→ WHAT IS BEING ASKED: From the line that holds "Abstract White Orchids" to the end of the records, reproduce every line exactly. No pictures.

→ DATA EXTRACTS:
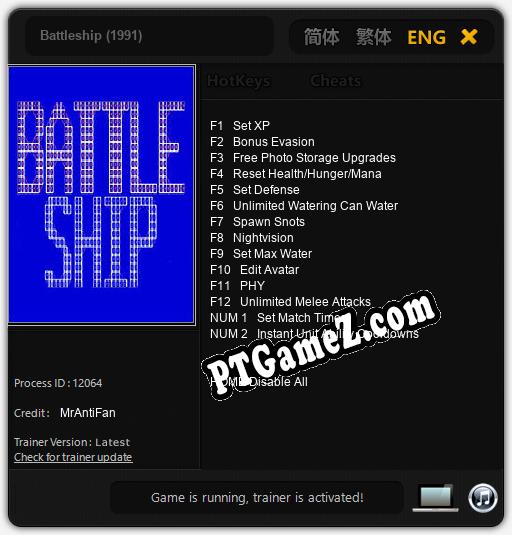 Battleship (1991): Treinador (V1.0.1)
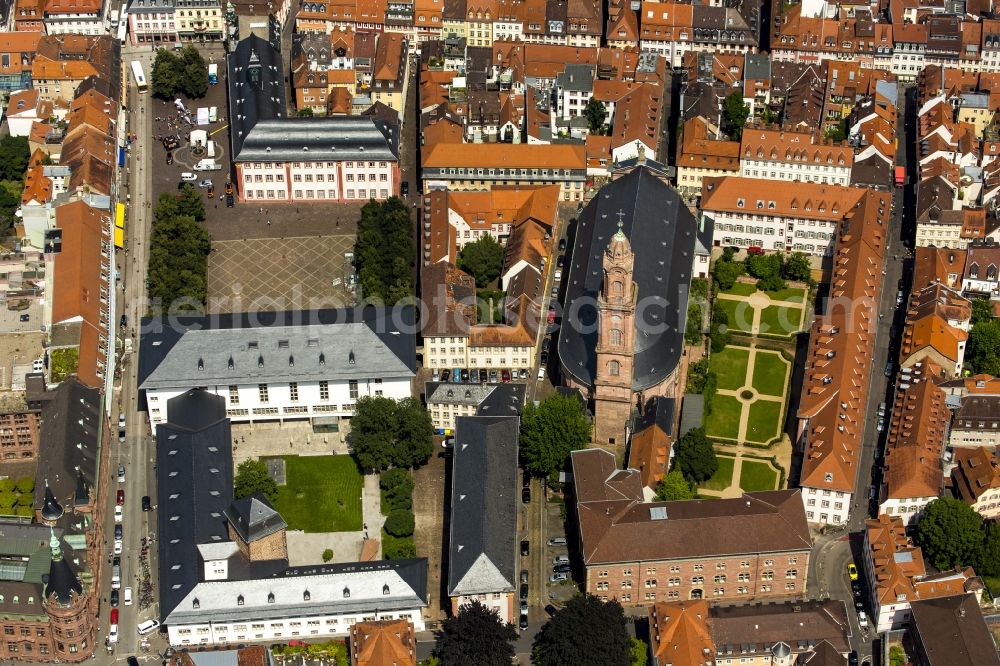 Aerial image Heidelberg - Church building of the Holy Spirit Catholic Jesuit church in Heidelberg in Baden-Wuerttemberg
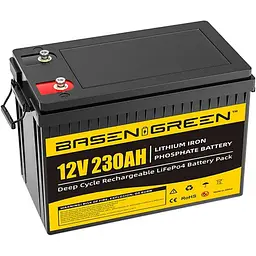 Акумулятор Basen Green LiFePO4 12V 12.8V/230Ah/2944Wh [BG-12230] [125466] - мініатюра 3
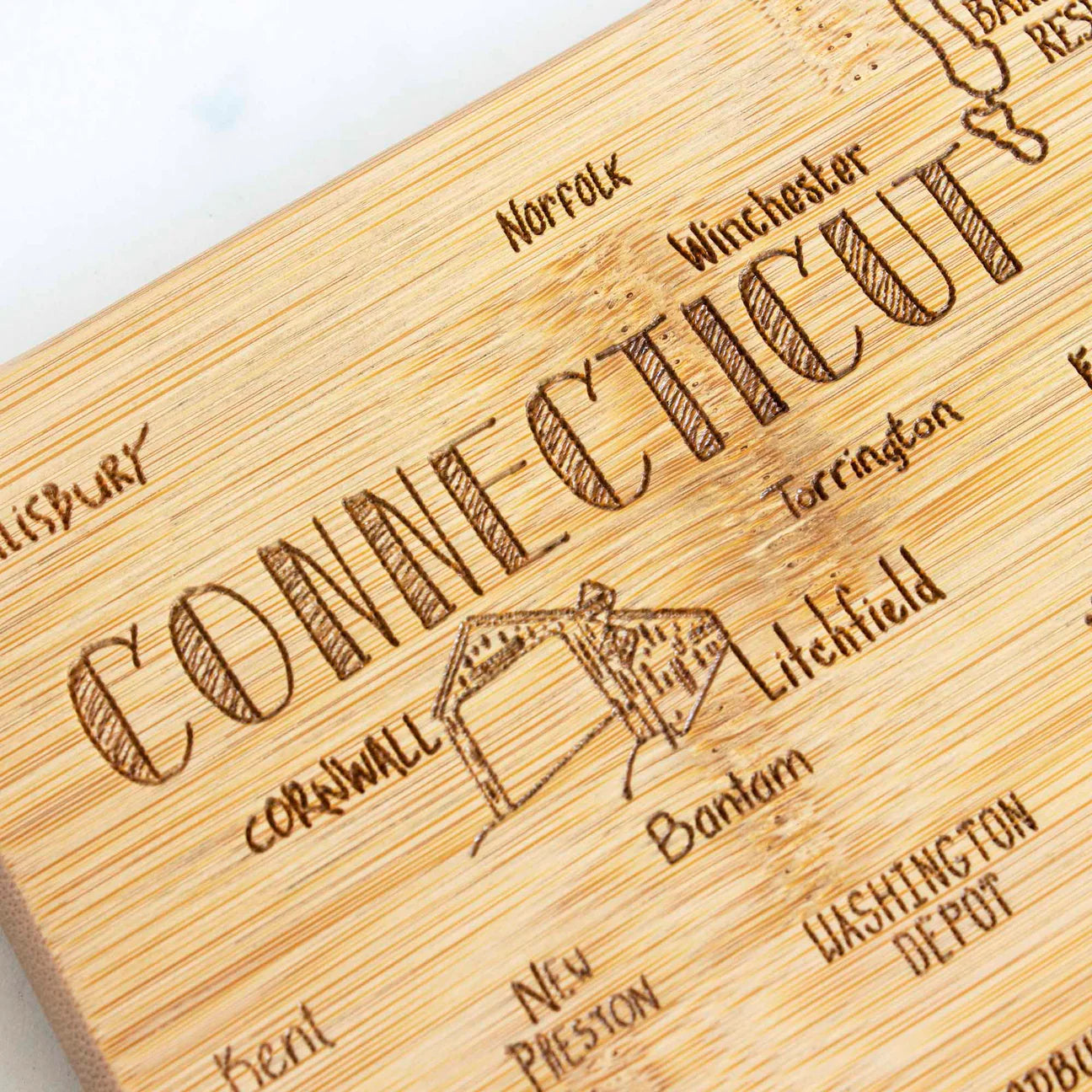 Totally Bamboo Destination Connecticut Cutting and Serving Board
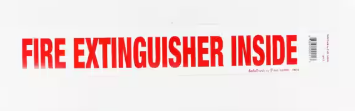 Fire extinguisher inside decal, 2 x 12 in, part FXI2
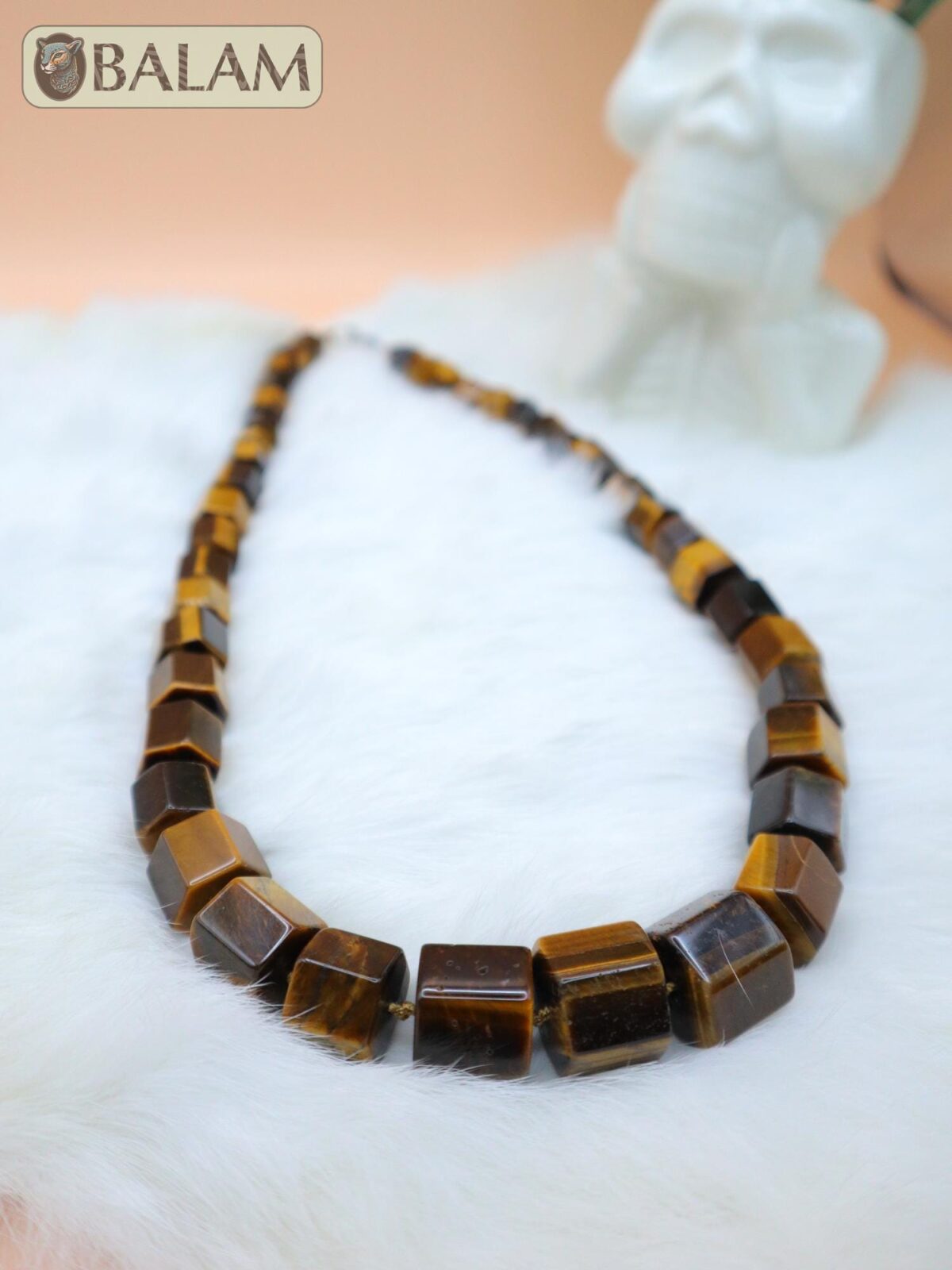 Tigers' eye necklace, The Mayan necklace, Ceremonial Necklace, tigers' eye beads.  19 inches - Image 5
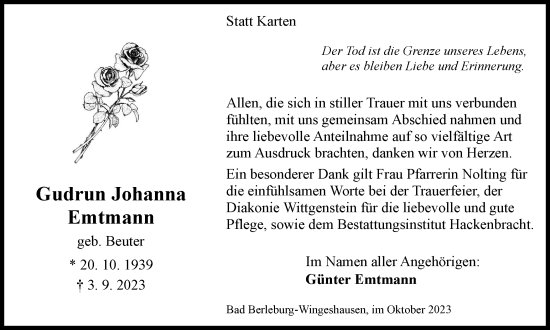 Traueranzeige von Gudrun Johanna Emtmann von Tageszeitung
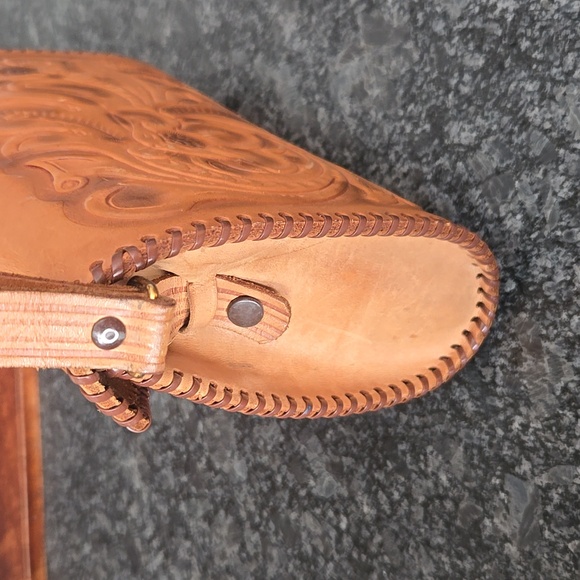 Leather Vintage Hand Tooled Turn Lock Handbag - Picture 8 of 15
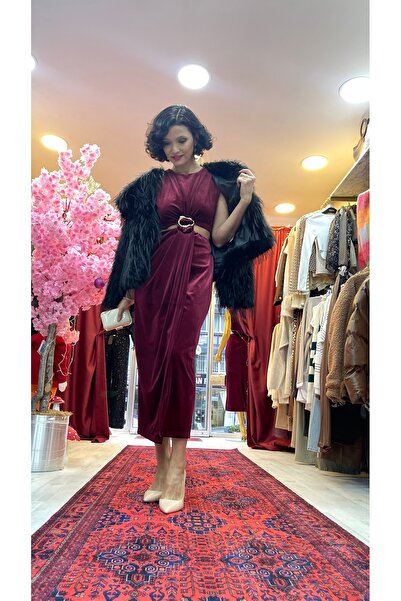 AYLİMODA Bordo Kadife Elbise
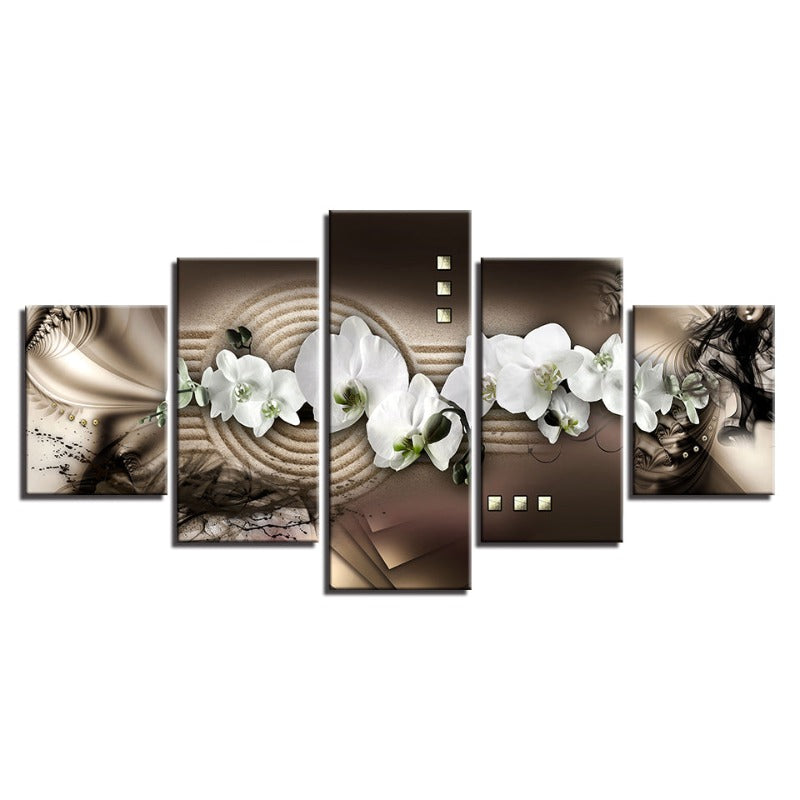 Abstract White Orchids 5 Piece - Canvas Wall Art Painting | Bowlift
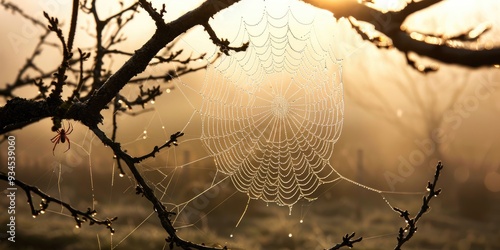 Morning fog with spider web drops and spider on a tree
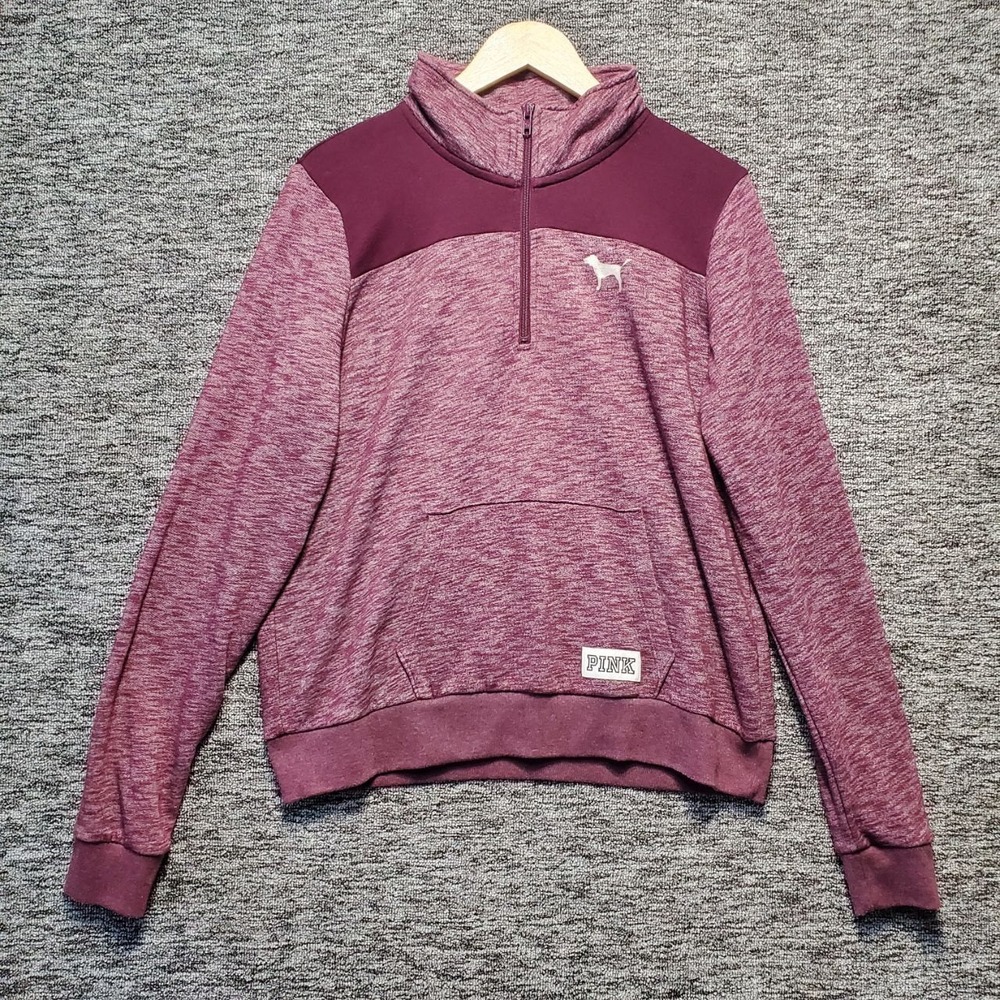 PINK Victoria Secret Sweatshirt Women L Burgundy Heather Half Zip Love Pink Back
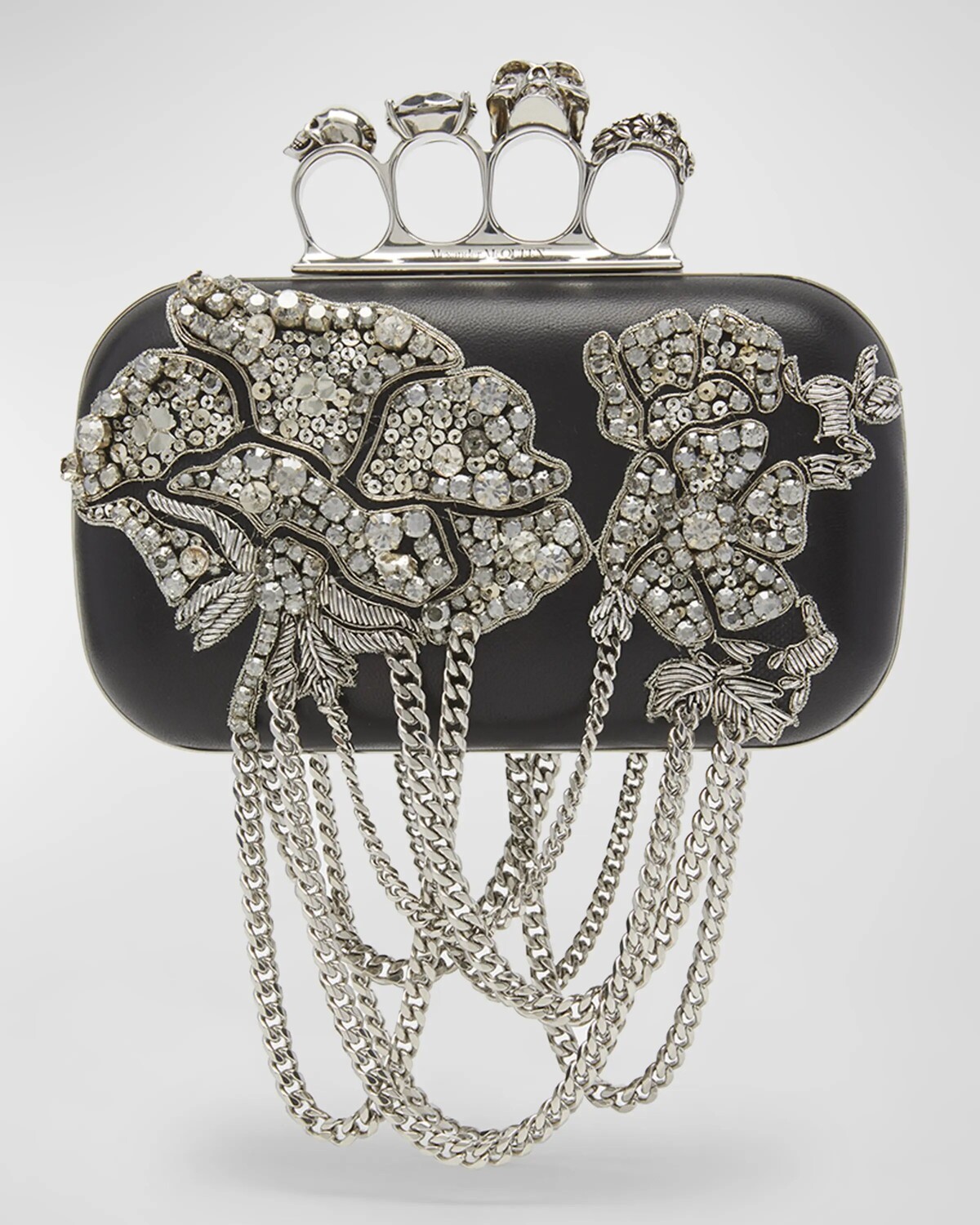 

Клатч с бахромой и кристаллами черепа Alexander McQueen, цвет Black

→ EXERCISE SOLUTION:
 Abstract White Orchids 5 Piece - Canvas Wall Art Painting | Bowlift
 Morning fog with spider web drops and spider on a tree
 PINK Victoria Secret Sweatshirt Women L Burgundy Heather Half Zip Love Pink Back

Клатч с бахромой и кристаллами черепа Alexander McQueen, цвет Black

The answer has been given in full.